No prospective studies have been published to date for D+R in this sequence. Thus, retrospective clinical data may provide at least some evidence for this therapeutic sequence. To the best of our knowledge, this cohort is the largest studied so far with a specific sequence of 1st line CTX+ICI followed by D+R in 2nd line. We showed that this sequence is feasible and effective in clinical routine. These results are consistent with the prospective data of the REVEL study on D+R from the pre-ICI era and our efficacy and safety data are highly comparable with response rates being even higher (17). As long as no other trial data are available for 2nd line therapy after CTx+ICI, our data provide a solid basis for the use of D+R in 2nd line after CTx+ICI in all histologies.
Nearly two-thirds of the patients in this study received platinum plus pemetrexed plus pembrolizumab in the 1st line setting. These patients represent a large, homogeneous and well-characterized subgroup, allowing for further in-depth analyses. The data for clinical efficacy and safety were very favorable in this subgroup, although OS and PFS remained slightly inferior to the corresponding arm of the Keynote 189 trial, while response rates were comparable (8,9). Patients in our analysis were treated in daily clinical practice and so were older and had more co-morbidities than those in the Keynote 189 trial. In addition, there may have been a negative selection bias in our patient population, since patients with exceptionally good response to 1st line CTx+ICI may not have yet required 2nd line treatment. Furthermore, there were less tumors with a PD-L1 TPS of ≥50% in our cohort than in the phase III trial with 6% versus 32%, respectively.

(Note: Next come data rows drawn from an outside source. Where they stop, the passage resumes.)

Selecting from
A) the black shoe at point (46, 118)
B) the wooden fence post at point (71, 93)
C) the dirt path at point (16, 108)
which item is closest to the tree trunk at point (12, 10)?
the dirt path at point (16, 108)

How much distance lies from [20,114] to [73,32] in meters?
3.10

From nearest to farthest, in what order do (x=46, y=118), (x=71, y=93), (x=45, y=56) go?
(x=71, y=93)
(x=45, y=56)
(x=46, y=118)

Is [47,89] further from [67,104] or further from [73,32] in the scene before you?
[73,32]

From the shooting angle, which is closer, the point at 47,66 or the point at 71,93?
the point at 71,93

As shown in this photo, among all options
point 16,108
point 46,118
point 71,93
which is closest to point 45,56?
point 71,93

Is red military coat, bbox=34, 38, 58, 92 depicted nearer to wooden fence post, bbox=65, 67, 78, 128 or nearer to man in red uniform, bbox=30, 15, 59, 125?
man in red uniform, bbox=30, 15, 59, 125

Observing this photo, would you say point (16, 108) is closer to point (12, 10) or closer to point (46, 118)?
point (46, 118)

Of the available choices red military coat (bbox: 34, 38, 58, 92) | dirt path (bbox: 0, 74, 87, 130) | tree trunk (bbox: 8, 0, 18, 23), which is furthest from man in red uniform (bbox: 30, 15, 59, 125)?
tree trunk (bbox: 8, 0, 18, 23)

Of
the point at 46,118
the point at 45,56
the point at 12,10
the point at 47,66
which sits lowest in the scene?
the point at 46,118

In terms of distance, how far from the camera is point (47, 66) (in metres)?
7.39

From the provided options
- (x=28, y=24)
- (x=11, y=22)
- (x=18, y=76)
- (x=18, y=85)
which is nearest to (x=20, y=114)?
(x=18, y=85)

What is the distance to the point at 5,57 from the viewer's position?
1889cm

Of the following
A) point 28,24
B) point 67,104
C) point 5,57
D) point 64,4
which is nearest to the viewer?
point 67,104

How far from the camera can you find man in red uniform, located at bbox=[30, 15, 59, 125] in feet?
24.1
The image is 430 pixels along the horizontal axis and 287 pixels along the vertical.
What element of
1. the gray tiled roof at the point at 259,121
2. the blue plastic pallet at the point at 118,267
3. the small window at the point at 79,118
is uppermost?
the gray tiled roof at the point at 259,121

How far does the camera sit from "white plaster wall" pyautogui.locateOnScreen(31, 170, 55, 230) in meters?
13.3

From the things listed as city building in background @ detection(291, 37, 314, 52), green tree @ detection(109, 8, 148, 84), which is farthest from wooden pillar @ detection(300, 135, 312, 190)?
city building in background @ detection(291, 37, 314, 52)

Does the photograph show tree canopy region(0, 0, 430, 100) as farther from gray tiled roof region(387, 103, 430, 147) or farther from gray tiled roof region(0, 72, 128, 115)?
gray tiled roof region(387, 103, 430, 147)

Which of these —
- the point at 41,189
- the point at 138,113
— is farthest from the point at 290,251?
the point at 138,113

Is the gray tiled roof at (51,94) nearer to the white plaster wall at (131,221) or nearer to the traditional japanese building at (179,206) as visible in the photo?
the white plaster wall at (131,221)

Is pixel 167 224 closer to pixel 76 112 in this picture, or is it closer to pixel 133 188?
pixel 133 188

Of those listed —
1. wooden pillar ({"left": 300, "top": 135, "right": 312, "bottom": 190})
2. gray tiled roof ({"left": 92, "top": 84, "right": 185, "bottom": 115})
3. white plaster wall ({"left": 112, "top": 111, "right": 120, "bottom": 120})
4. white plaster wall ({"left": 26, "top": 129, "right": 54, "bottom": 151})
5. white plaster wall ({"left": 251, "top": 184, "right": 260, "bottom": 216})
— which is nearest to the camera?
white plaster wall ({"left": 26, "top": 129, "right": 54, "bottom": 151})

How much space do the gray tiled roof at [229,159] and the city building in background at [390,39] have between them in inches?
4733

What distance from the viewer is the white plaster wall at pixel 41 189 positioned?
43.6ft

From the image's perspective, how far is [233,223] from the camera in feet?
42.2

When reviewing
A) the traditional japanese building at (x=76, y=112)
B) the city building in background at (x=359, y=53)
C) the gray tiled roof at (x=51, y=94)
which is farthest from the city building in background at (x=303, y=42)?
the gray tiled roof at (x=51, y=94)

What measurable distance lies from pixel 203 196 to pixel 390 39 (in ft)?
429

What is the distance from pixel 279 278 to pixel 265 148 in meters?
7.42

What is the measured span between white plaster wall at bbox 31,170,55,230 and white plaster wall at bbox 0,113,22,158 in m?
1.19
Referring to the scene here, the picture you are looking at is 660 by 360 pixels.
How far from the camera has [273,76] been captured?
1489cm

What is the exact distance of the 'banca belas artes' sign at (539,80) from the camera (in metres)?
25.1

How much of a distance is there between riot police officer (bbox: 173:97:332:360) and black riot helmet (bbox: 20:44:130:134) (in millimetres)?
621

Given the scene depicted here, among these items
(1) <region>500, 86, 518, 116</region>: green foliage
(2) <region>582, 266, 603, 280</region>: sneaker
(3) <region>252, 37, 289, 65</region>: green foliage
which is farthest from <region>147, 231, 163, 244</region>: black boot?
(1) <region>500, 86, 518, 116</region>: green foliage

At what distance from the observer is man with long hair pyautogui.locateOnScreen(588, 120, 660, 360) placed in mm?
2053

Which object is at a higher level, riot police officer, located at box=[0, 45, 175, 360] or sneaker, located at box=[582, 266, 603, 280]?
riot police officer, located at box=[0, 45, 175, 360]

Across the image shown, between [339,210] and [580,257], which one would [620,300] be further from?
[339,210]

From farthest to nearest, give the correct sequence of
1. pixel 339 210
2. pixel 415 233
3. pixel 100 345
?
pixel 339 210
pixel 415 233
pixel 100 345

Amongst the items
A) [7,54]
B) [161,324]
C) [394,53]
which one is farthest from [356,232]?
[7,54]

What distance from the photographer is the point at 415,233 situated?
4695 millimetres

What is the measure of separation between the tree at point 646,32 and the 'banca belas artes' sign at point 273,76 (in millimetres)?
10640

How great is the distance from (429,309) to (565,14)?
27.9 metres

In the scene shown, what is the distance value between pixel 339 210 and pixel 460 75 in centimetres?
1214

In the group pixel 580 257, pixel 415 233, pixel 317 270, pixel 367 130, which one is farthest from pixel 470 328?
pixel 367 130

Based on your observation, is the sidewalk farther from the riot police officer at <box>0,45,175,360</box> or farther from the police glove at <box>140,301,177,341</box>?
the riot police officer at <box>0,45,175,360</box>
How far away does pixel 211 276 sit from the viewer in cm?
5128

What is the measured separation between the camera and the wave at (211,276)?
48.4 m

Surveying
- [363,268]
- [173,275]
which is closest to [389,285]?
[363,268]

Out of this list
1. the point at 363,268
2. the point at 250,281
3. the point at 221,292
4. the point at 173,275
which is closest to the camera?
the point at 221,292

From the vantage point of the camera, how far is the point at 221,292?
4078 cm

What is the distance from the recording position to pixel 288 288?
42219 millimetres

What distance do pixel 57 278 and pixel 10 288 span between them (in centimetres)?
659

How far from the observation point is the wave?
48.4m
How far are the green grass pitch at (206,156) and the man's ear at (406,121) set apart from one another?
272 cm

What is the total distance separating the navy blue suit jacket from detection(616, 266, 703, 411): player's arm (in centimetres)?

We and others recently reported excellent PFS and OS data for D+R given in 3rd line immediately after ICI monotherapy (15,20-24). We have hypothesized that anti-angiogenic agents not only act directly through VEGF-mediated effects but also produce synergistic effects with chemotherapeutic agents and ICI agents for instance by contributing to better drug penetration through their action on tumor vessels (15,25-27). Unfortunately, no clear evidence of such a synergistic effect could be observed in our analyses of the D+R second line cohort. Especially, no superior efficacy could be proven in patients with an objective response to 1st line therapy. However, there was at least a trend toward longer PFS with D+R in patients with moderate (1–49%) and high (>50%) PD-L1 TPS scores versus tumors negative for PD-L1. Knowing that ICI bind to the PD-1 receptor up to two months after the last infusion of the drug, this could be a hint for the synergistic effect described above at least in PD-L1 high expressing tumors (28).
Most patients in the platinum plus pemetrexed plus pembrolizumab sub-cohort had available KRAS mutation data. In line with results from the KEYNOTE-189 trial, KRAS status had no impact on 1st-line therapy (29). However, a positive KRAS status was significantly associated with worse median PFS in 2nd-line D+R and was also an independent predictor of worse PFS in multivariate Cox regression analysis. To date, there is little evidence on the role of KRAS status in D+R therapy (30). Although KRAS mutations might increase the expression of VEGF, VEGFR1 and VEGFR2 in various tumors including NSCLC, the underlying mechanisms is still unclear (31-33). In vitro data of ramucirumab showed inferior tumor regression in a KRAS mutated xenograft tumor (NCI-H2122) which could be significantly increased by the combination of ramucirumab with a pan-RAF inhibitor (34). In addition, a KRAS mutation was a significantly negative predictor for response and time on treatment when bevacizumab, a VEGF antibody, was given in combination with carboplatin and docetaxel in NSCLC (35). These observations support our findings. Nevertheless, the significance of KRAS status in this situation has not yet been conclusively determined, and KRAS status should be analyzed systematically in future studies investigating antiangiogenic combination therapies after Ctx+ICI (36).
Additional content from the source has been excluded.